_Provided data_:
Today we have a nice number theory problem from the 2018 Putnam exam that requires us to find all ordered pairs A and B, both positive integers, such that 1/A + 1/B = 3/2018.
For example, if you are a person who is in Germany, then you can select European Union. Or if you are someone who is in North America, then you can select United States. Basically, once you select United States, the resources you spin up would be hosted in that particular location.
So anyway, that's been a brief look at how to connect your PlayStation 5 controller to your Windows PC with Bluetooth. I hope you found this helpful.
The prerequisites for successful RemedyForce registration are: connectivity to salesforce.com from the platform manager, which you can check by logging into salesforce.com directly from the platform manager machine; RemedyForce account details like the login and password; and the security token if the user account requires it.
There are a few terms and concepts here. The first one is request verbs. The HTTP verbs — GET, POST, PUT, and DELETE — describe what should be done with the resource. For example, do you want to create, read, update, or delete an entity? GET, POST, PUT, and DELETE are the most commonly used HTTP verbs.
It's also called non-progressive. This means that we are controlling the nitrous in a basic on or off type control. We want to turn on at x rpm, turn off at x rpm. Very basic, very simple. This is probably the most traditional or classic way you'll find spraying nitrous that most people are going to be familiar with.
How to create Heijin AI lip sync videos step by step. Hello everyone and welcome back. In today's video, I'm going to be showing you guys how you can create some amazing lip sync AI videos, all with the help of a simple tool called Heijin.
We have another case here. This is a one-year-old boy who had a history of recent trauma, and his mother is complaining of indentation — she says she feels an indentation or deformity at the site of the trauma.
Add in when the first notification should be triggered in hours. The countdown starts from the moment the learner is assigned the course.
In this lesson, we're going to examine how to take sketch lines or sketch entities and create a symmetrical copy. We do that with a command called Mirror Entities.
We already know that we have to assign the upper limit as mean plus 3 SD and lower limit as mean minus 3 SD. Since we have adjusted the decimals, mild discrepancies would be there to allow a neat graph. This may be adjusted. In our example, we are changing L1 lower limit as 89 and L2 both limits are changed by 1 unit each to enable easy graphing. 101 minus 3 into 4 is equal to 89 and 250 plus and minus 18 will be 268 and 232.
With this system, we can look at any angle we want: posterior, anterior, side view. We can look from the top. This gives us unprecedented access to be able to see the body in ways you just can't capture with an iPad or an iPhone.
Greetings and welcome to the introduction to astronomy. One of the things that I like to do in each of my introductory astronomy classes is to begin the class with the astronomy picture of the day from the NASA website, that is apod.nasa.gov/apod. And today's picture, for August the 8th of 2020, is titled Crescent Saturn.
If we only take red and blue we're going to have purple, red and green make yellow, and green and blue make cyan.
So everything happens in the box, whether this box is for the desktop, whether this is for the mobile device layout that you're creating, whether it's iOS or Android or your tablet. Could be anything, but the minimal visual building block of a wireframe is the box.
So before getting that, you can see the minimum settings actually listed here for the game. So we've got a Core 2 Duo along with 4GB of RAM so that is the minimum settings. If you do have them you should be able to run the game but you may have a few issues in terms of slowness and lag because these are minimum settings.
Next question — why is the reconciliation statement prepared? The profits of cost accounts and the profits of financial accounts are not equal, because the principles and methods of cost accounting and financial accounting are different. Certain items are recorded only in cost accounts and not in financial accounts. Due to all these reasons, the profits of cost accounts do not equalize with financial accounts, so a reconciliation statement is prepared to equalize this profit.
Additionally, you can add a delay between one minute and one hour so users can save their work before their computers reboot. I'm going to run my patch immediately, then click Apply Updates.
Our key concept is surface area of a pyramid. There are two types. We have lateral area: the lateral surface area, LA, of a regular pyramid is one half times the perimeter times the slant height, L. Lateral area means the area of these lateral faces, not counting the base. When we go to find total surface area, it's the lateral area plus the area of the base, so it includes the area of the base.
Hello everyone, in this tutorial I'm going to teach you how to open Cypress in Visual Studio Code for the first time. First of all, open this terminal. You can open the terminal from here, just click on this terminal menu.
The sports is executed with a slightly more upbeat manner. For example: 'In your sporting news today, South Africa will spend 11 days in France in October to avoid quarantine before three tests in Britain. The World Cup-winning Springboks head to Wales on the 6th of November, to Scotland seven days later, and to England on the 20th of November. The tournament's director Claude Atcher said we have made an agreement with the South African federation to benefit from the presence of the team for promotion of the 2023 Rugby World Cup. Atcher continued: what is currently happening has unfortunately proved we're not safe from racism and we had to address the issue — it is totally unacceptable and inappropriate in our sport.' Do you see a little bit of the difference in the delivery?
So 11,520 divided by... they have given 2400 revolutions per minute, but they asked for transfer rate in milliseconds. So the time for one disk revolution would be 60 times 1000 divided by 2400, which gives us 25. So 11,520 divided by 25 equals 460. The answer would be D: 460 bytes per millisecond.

_Task directions_: Please, from the material above, copy only the lines from the line with "So anyway, that's" up to and including the line with "In this lesson, we're", exactly as written.

_Task output_:
So anyway, that's been a brief look at how to connect your PlayStation 5 controller to your Windows PC with Bluetooth. I hope you found this helpful.
The prerequisites for successful RemedyForce registration are: connectivity to salesforce.com from the platform manager, which you can check by logging into salesforce.com directly from the platform manager machine; RemedyForce account details like the login and password; and the security token if the user account requires it.
There are a few terms and concepts here. The first one is request verbs. The HTTP verbs — GET, POST, PUT, and DELETE — describe what should be done with the resource. For example, do you want to create, read, update, or delete an entity? GET, POST, PUT, and DELETE are the most commonly used HTTP verbs.
It's also called non-progressive. This means that we are controlling the nitrous in a basic on or off type control. We want to turn on at x rpm, turn off at x rpm. Very basic, very simple. This is probably the most traditional or classic way you'll find spraying nitrous that most people are going to be familiar with.
How to create Heijin AI lip sync videos step by step. Hello everyone and welcome back. In today's video, I'm going to be showing you guys how you can create some amazing lip sync AI videos, all with the help of a simple tool called Heijin.
We have another case here. This is a one-year-old boy who had a history of recent trauma, and his mother is complaining of indentation — she says she feels an indentation or deformity at the site of the trauma.
Add in when the first notification should be triggered in hours. The countdown starts from the moment the learner is assigned the course.
In this lesson, we're going to examine how to take sketch lines or sketch entities and create a symmetrical copy. We do that with a command called Mirror Entities.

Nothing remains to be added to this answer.